Another reason for deadlock in database can be missing indexes. When a row is inserted/update/delete, the database needs to check the relational constraints, that is, make sure the relations are consistent. To do so, the database needs to check the foreign keys in the related tables. It might result in other lock being acquired than the row that is modified. Be sure then to always have index on the foreign keys (and of course primary keys), otherwise it could result in a table lock instead of a row lock. If table lock happen, the lock contention is higher and the likelihood of deadlock increases.
In case someone is still struggling with this issue:
I faced similar issue where 2 requests were hitting the server at the same time. There was no situation like below:
T1:
BEGIN TRANSACTION
INSERT TABLE A
INSERT TABLE B
END TRANSACTION
T2:
BEGIN TRANSACTION
INSERT TABLE B
INSERT TABLE A
END TRANSACTION
So, I was puzzled why deadlock is happening.
Then I found that there was parent child relation ship between 2 tables because of foreign key. When I was inserting a record in child table, the transaction was acquiring a lock on parent table's row. Immediately after that I was trying to update the parent row which was triggering elevation of lock to EXCLUSIVE one. As 2nd concurrent transaction was already holding a SHARED lock, it was causing deadlock.
Refer to: https://blog.tekenlight.com/2019/02/21/database-deadlock-mysql.html
It is likely that the delete statement will affect a large fraction of the total rows in the table. Eventually this might lead to a table lock being acquired when deleting. Holding on to a lock (in this case row- or page locks) and acquiring more locks is always a deadlock risk. However I can't explain why the insert statement leads to a lock escalation - it might have to do with page splitting/adding, but someone knowing MySQL better will have to fill in there.
For a start it can be worth trying to explicitly acquire a table lock right away for the delete statement. See LOCK TABLES and Table locking issues.
You might try having that delete job operate by first inserting the key of each row to be deleted into a temp table like this pseudocode
create temporary table deletetemp (userid int);
insert into deletetemp (userid)
select userid from onlineusers where datetime <= now - interval 900 second;
delete from onlineusers where userid in (select userid from deletetemp);
Breaking it up like this is less efficient but it avoids the need to hold a key-range lock during the delete.
Also, modify your select queries to add a where clause excluding rows older than 900 seconds.
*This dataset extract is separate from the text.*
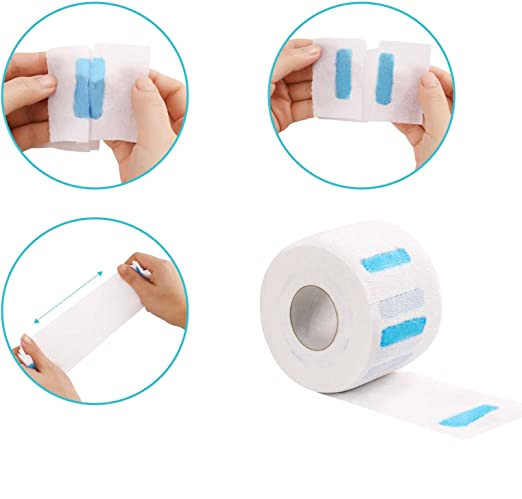 set frizerie coafor foarfece de tuns si filat sword cut [9]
This avoids the dependency on the cron job and allows you to reschedule it to run less often.
Theory about the deadlocks: I don't have a lot of background in MySQL but here goes... The delete is going to hold a key-range lock for datetime, to prevent rows matching its where clause from being added in the middle of the transaction, and as it finds rows to delete it will attempt to acquire a lock on each page it is modifying. The insert is going to acquire a lock on the page it is inserting into, and then attempt to acquire the key lock. Normally the insert will wait patiently for that key lock to open up but this will deadlock if the delete tries to lock the same page the insert is using because thedelete needs that page lock and the insert needs that key lock. This doesn't seem right for inserts though, the delete and insert are using datetime ranges that don't overlap so maybe something else is going on.
http://dev.mysql.com/doc/refman/5.1/en/innodb-next-key-locking.html
For Java programmers using Spring, I've avoided this problem using an AOP aspect that automatically retries transactions that run into transient deadlocks.
See #RetryTransaction Javadoc for more info.
cron is dangerous. If one instance of cron fails to finish before the next is due, they are likely to fight each other.
It would be better to have a continuously running job that would delete some rows, sleep some, then repeat.
Also, INDEX(datetime) is very important for avoiding deadlocks.
But, if the datetime test includes more than, say, 20% of the table, the DELETE will do a table scan. Smaller chunks deleted more often is a workaround.
Another reason for going with smaller chunks is to lock fewer rows.
Bottom line:
INDEX(datetime)
Continually running task -- delete, sleep a minute, repeat.
To make sure that the above task has not died, have a cron job whose sole purpose is to restart it upon failure.
Other deletion techniques: http://mysql.rjweb.org/doc.php/deletebig
#Omry Yadan's answer ( https://stackoverflow.com/a/2423921/1810962 ) can be simplified by using ORDER BY.
Change
DELETE FROM onlineusers
WHERE datetime <= now() - INTERVAL 900 SECOND
to
DELETE FROM onlineusers
WHERE datetime <= now() - INTERVAL 900 SECOND
ORDER BY ID
to keep the order in which you delete items consistent. Also if you are doing multiple inserts in a single transaction, make sure they are also always ordered by id.
According to the mysql delete documentation:
If the ORDER BY clause is specified, the rows are deleted in the order that is specified.
You can find a reference here: https://dev.mysql.com/doc/refman/8.0/en/delete.html
I have a method, the internals of which are wrapped in a MySqlTransaction.
The deadlock issue showed up for me when I ran the same method in parallel with itself.
There was not an issue running a single instance of the method.
When I removed MySqlTransaction, I was able to run the method in parallel with itself with no issues.
Just sharing my experience, I'm not advocating anything.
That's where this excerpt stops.